▶ _THE TASK_:
Images in the data are to be skipped, while every line is restated exactly as written.

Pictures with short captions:
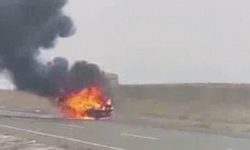 Diyarbakır’da trafikteki otomobil alev aldı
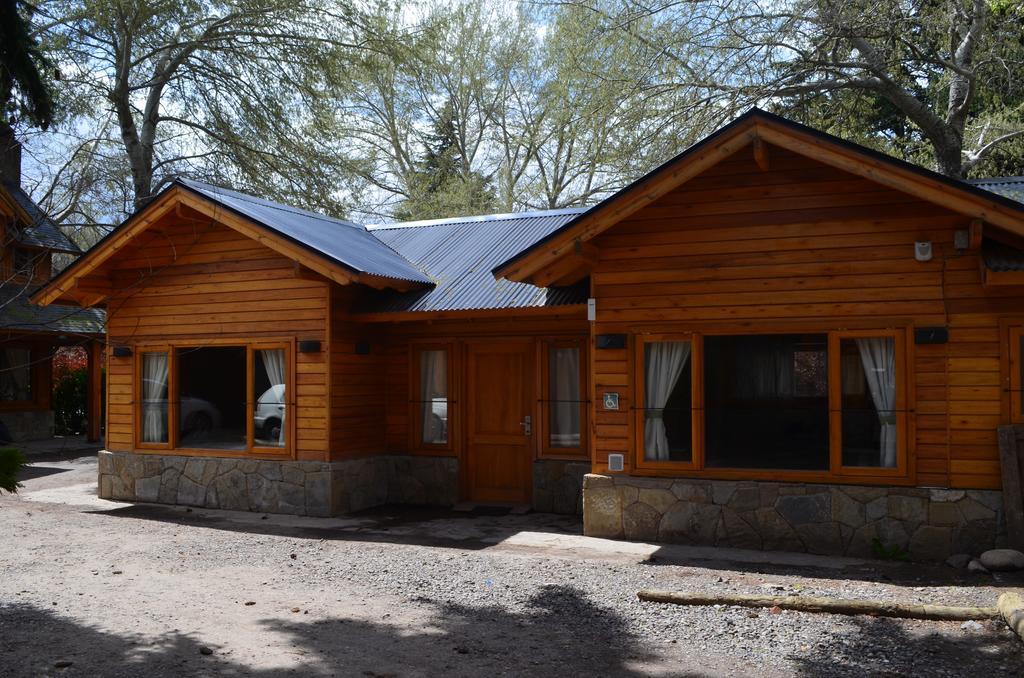 Apart Hotel Robles Del Sur San Martín de los Andes Exteriör bild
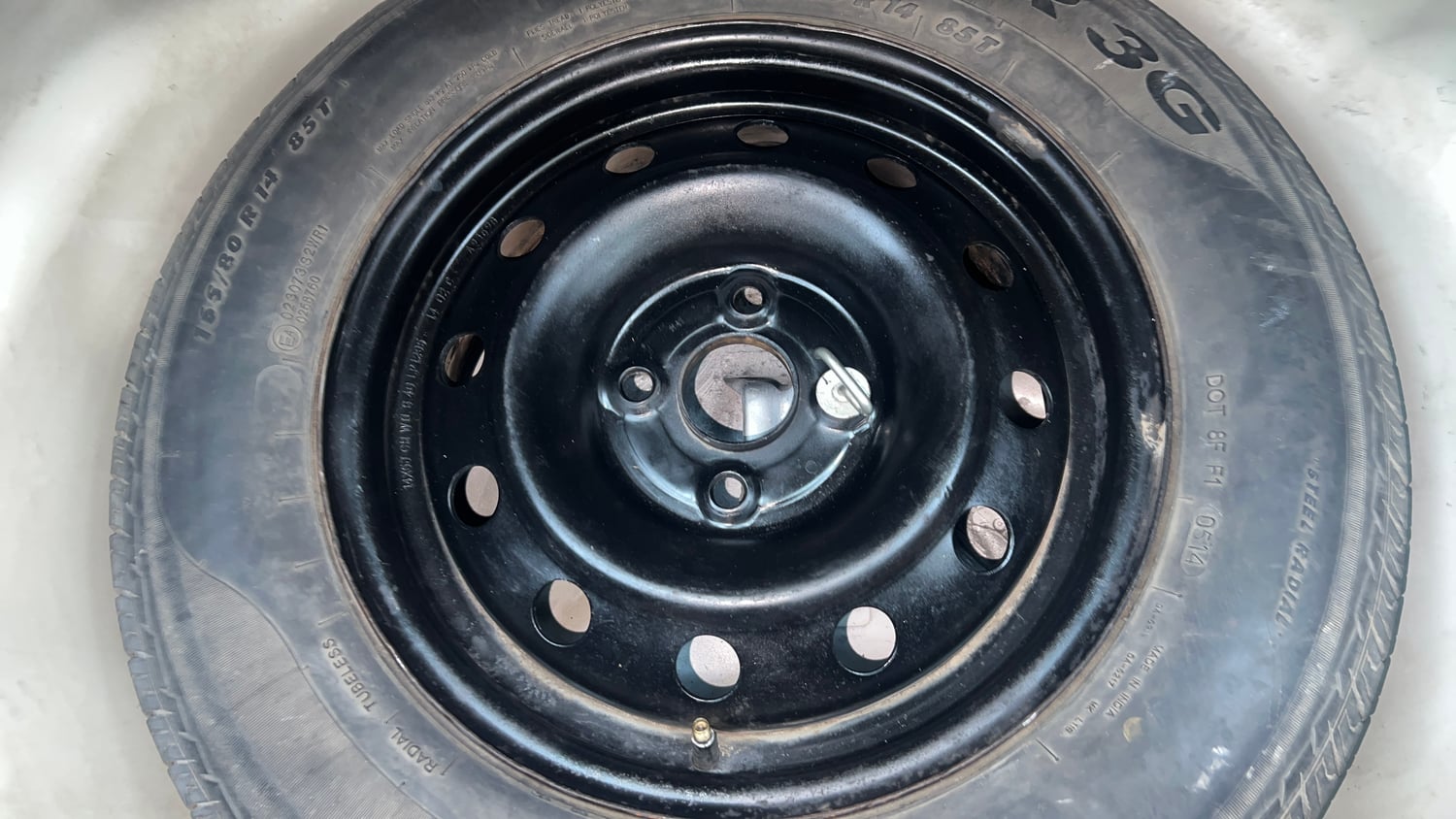 Used 2014 Maruti Suzuki Swift VXi Petrol Manual tyres SPARE TYRE VIEW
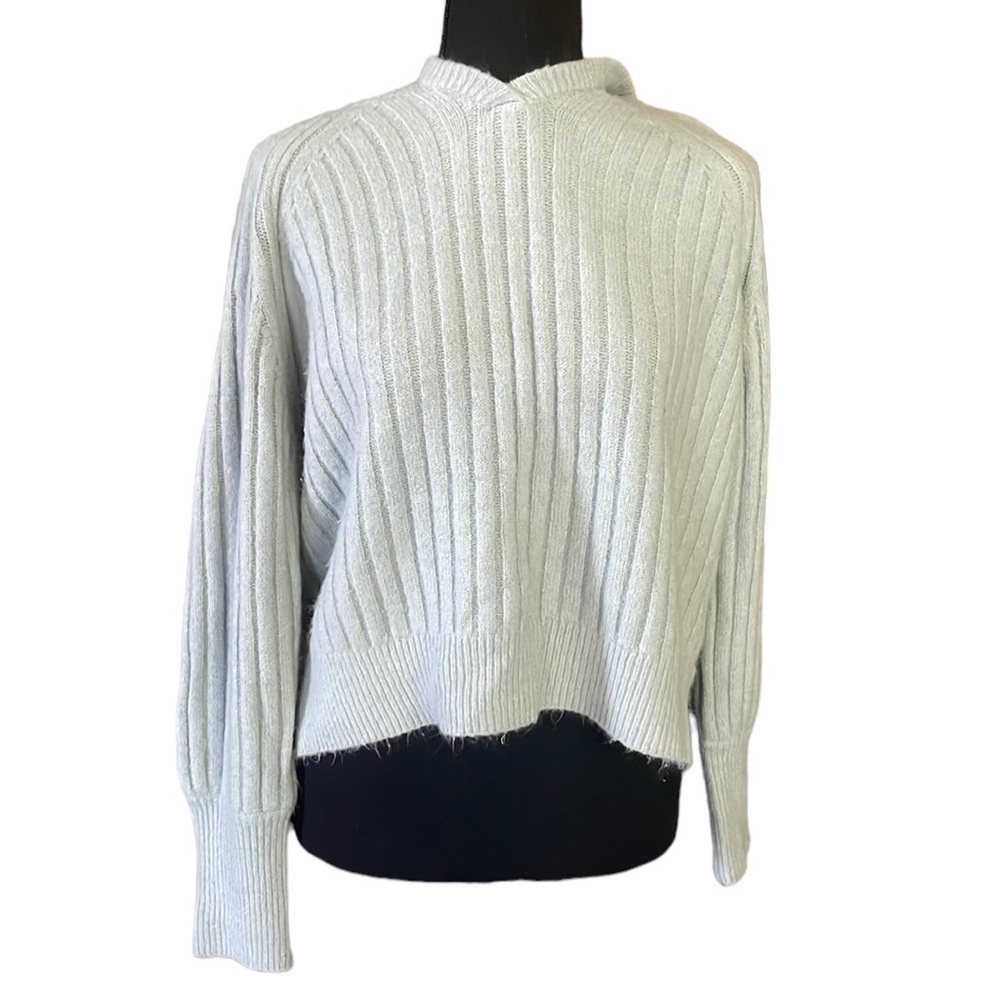 Lush hooded cropped sweater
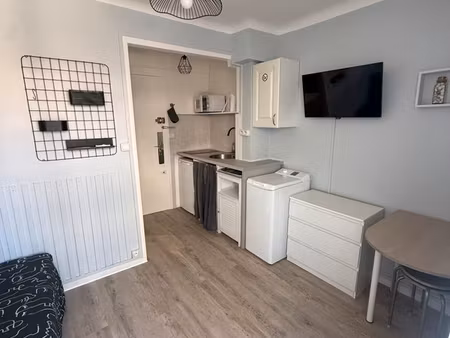 studio étudiant meublé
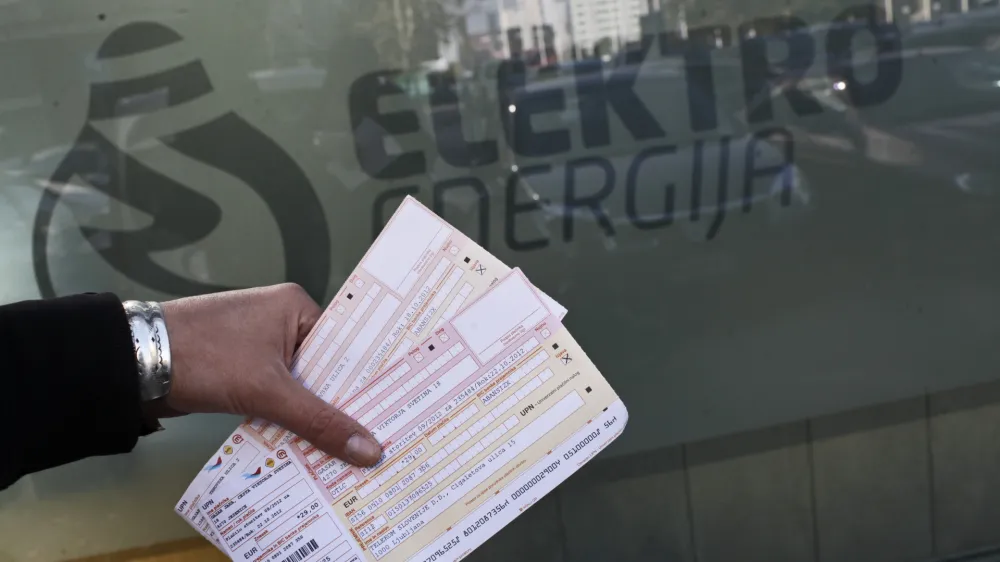 Podražitve na borzah električne energije se postopoma in zagotovo prelivajo na gospodinjstva; z leto&scaron;njim poletjem bodo domala vsi ponudniki podražili svoje storitve.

▶ _SOLUTION TO THE EXERCISE_:
 Diyarbakır’da trafikteki otomobil alev aldı
 Apart Hotel Robles Del Sur San Martín de los Andes Exteriör bild
 Used 2014 Maruti Suzuki Swift VXi Petrol Manual tyres SPARE TYRE VIEW
 Lush hooded cropped sweater
 studio étudiant meublé
 Podražitve na borzah električne energije se postopoma in zagotovo prelivajo na gospodinjstva; z leto&scaron;njim poletjem bodo domala vsi ponudniki podražili svoje storitve.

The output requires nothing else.